The Lower T-Zone Showing is comprised of a massive sulphide-quartz lode 1 to 1.5 metres thick underlain by a 5 metre wide pyrite stringer zone. The massive sulphide lode strikes at approximately 120 degrees and dips 45-50 degrees southwesterly. The lode is comprised of 85 per cent sulphide consisting largely of pyrrhotite, with noticeable chalcopyrite, pyrite and sphalerite. A grab from the Lower T-Zone assayed 16.9 grams per tonne gold, 6.4 grams per tonne silver and 0.22 per cent copper (Assessment Report 19001).
The Bronson property was staked in 1983 by Mr. Chris Graf as part of the much larger Gossan property which extended a further 15 kilometres southeast. In 1983, Lonestar Resources (Bending, 1984) completed an extensive regional mapping, silt and soil sampling program over the entire Gossan property. During this program a line of soil and silt samples was taken along the north and south slopes of the Bronson Creek Valley including the present Bronson Property. This soil and silt program returned several anomalous gold values. The Bronson East and Wolverine showings were also discovered during this program.
In 1987 Western Canadian completed a geological mapping, rock chip sampling and soil sampling program over most of the Bronson property. This program included a 100 by 25 metre soil sampling grid along the north side of the Bronson Creek Valley in the vicinity of the Bronson East showing. The survey returned many anomalous gold values most of which were located beneath or south of the Bronson East Showing.
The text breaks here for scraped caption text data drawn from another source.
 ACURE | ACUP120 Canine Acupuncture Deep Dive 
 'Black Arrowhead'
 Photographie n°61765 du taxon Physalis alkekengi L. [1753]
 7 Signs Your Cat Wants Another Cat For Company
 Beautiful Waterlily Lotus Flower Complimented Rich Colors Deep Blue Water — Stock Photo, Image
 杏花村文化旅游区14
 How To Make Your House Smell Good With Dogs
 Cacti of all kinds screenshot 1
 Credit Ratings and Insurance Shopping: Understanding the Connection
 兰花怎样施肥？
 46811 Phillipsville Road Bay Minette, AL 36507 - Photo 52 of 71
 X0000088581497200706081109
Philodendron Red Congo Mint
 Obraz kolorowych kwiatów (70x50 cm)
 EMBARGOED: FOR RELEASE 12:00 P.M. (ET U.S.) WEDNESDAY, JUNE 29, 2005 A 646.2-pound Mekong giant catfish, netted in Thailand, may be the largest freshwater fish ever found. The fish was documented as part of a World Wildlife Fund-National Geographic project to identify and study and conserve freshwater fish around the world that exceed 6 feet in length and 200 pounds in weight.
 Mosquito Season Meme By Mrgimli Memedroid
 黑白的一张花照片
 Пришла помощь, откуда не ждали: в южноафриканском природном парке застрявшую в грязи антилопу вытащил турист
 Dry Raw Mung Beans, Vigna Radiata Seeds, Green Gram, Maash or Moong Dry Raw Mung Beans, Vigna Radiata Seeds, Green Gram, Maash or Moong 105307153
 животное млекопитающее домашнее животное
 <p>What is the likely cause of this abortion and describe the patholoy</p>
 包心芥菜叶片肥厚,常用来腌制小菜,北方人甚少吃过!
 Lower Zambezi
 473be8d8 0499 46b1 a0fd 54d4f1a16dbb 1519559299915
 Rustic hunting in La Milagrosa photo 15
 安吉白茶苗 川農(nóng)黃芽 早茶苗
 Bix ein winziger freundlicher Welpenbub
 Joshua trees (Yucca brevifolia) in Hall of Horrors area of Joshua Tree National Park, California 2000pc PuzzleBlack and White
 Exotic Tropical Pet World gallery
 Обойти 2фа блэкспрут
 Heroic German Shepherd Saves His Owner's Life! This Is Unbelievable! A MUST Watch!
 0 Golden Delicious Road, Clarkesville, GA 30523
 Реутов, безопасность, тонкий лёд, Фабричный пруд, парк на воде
In 1988, under option from owner Western Canadian Mining Corp, Cathedral Gold Corporation conducted a program of linecutting, geophysical surveys (28 kilometres of VLF and 20 kilometres of ground magnetics), soil sampling, prospecting (137 rock) and trenching (30 metres) was completed on the Gossan 15, 17, 23 and 30 mineral claims. During 1988, Cathedral Gold discovered the T-zone, located about 150 metres northwest of the Bronson East showings. Five rock samples were taken in the Wolverine (104B 206) area in 1988. The remainder of the work was done on the Bronson East-T zone area and the gridded area northeast of the Wolverine.